Verificou-se que o processo da formação de conceitos é um tema ainda pouco explorado, o que deixa uma lacuna no conhecimento científico; por isso é necessário desenvolver novas pesquisas. Demonstrou-se o pensamento de Vigotski de que a função de generalização é a função principal da linguagem e que sem ela seria impossível adquirir as experiências anteriores, pois a linguagem não é apenas meio de generalização, mas a base do pensamento. Sobre as etapas percorridas na formação de conceitos não houve nesta pesquisa unanimidade nas respostas dos sujeitos.

Um ponto que contribui para o desenvolvimento das funções psicológicas é a aprendizagem. A aprendizagem ocorre durante a interação do sujeito com o mundo e os grupos sociais. A relação que o sujeito mantém com o seu mundo e suas vivências estimula processos internos e interfere no seu desenvolvimento, que não caminha para um ponto final. O desenvolvimento e a aprendizagem são processos em constante transformação, o que permite ao sujeito dar saltos qualitativos no decorrer de sua vida. Em suas pesquisas, Vigotski estudou crianças, adolescentes e adultos, dando ênfase aos dois primeiros em suas experiências. As diferenças existentes entre o mundo infantil e o adulto referem-se às mudanças qualitativas que ocorrem ao longo do desenvolvimento do sujeito. Em vista disto, um aspecto a ser explorado em futuras pesquisas seriam as possíveis diferenças entre as trajetórias de formação de conceitos entre pessoas com diferentes níveis de escolarização. Na presente pesquisa todos os participantes eram estudantes universitários, mas ainda assim os processos de formação de conceitos não foram homogêneos. Uma pesquisa mais aprofundada poderia relacionar mais precisamente escolarização e formação de conceitos.

Segundo Vigotski (1984)Vygotsky, L., S. (1984). A Formação Social da mente.

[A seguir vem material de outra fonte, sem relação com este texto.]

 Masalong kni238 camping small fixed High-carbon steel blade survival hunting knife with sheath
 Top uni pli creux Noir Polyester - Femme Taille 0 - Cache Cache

São Paulo: Martins Fontes. , as relações e conexões entre as diversas funções psicológicas - como a atenção, a percepção, as operações sensório-motoras e a memória - formam sistemas que passam por transformações no decorrer do desenvolvimento da criança e ao longo da vida adulta. Como exemplo tem-se a mudança na relação entre memória e pensamento, que ocorre durante o desenvolvimento: para a criança, “pensar” equivale a “lembrar”, enquanto na adolescência o “lembrar“ equivale ao “pensar.” Na adolescência a memória tem uma capacidade lógica. O fato de lembrar leva a estabelecer e a encontrar relações lógicas, o que significa que trazer algo à memória baseia-se na descoberta de um aspecto que precisa ser encontrado.

Observa-se a mesma relação com a percepção. Conforme o envolvimento do sujeito com outros contextos, como a família e a escola, sua percepção tende a se tornar cada vez mais complexa, captando percepções categorizadas em vez de aspectos irrelevantes para a organização de uma classe de objetos. Nesta pesquisa, optamos por escolher uma única peça para ser utilizada como amostra inicial. Esse procedimento foi adotado com o objetivo de obter um padrão para todos os participantes. Em estudos posteriores poder-se-á encontrar uma alternância entre as peças utilizadas como amostra inicial, o que permitirá verificar se aparecem diferenças no percurso da formação de conceitos. Para futuras pesquisas propomos que o método de Vigotski seja aplicado em uma amostra maior de participantes adultos, e que essa amostra inclua a população infantil, com o intuito de verificar se ocorrem divergências nas etapas percorridas e se o método pode servir como um meio de avaliar o momento de desenvolvimento da criança com vistas a uma intervenção que favoreça o desenvolvimento do pensamento conceitual.